New England Lime Co. v. Commissioner

13 T.C. 799 | Tax Ct. | 1949

Lead Opinion

OPINION.

MuRdock, Judge'.

A number of factors must be taken into consideration in determining whether a certain security is stock or evidence of indebtedness. John Kelley Co., 1 T. C. 457, 462; affd., 326 U. S. 521. Here many of them are favorable to the petitioner’s contention. The debentures of the petitioner were always called and recorded as debenture bonds requiring the payment of interest. They were issued in both registered and coupon form. They are unquali-fiedly due and payable 25 years from their date. A part of the interest is absolutely fixed, while the remainder is payable unqualifiedly if earned, but is not cumulative. Cf. Kelley Co. v. Commissioner, 326 U. S. 521, affirming 1 T. C. 457. The payment of the interest is not dependent upon the discretion of anyone. The right of the debenture holders to the interest is on a parity with the rights of other creditors and not subordinate thereto.

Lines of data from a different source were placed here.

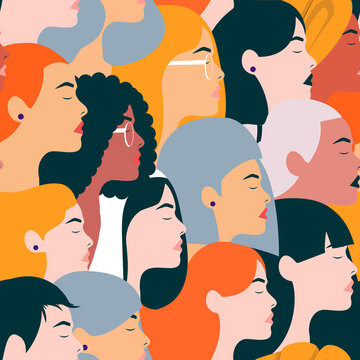 D&iacute;a internacional de la mujer. 8 de Marzo. Ilustraci&oacute;n minimalista de mujeres de diferentes etnias. Patr&oacute;n sin fisura, 300 dpi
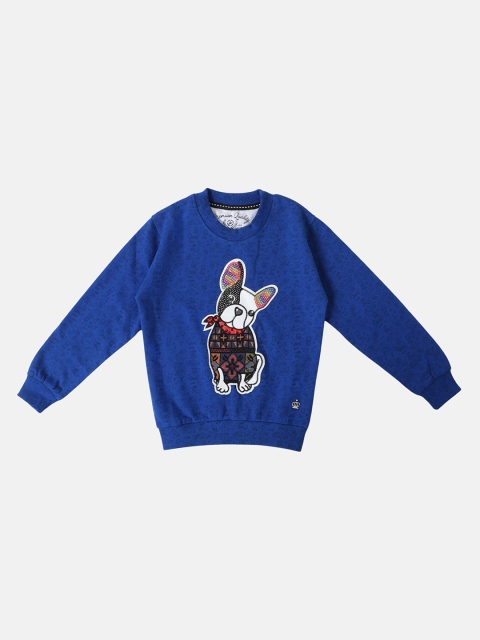 

Lil Tomatoes Boys Blue & White Printed Sweatshirt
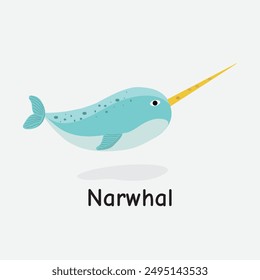 Narwhal Vector Illustration: Tusked Marine Mammal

Although a part of the interest is dependent upon earnings, still that arrangement was not merely a scheme to distribute earnings to stockholders. The holders of the debentures, as such, had no voice in management. The stockholders did not hold the debentures in a uniform proportion to their stock. The stock and bonds were widely distributed. The change from stock to debentures had business purposes other than the saving of taxes. General creditors do not take precedence over the bondholders and, if the corporation ever decides to mortgage any of its properties, it must set aside an equal amount in value of its property to secure these debentures. Unfavorable to the petitioner is the fact that preferred stock was exchanged for the debentures without the lending of any money at that time. Cf. 1432 Broadway Corporation, 4 T. C. 1158; affd., 160 Fed. (2d) 885. However, the preferred stock had been received originally in exchange for debts owed the recipients by the old corporation before the reorganization under section 77-B.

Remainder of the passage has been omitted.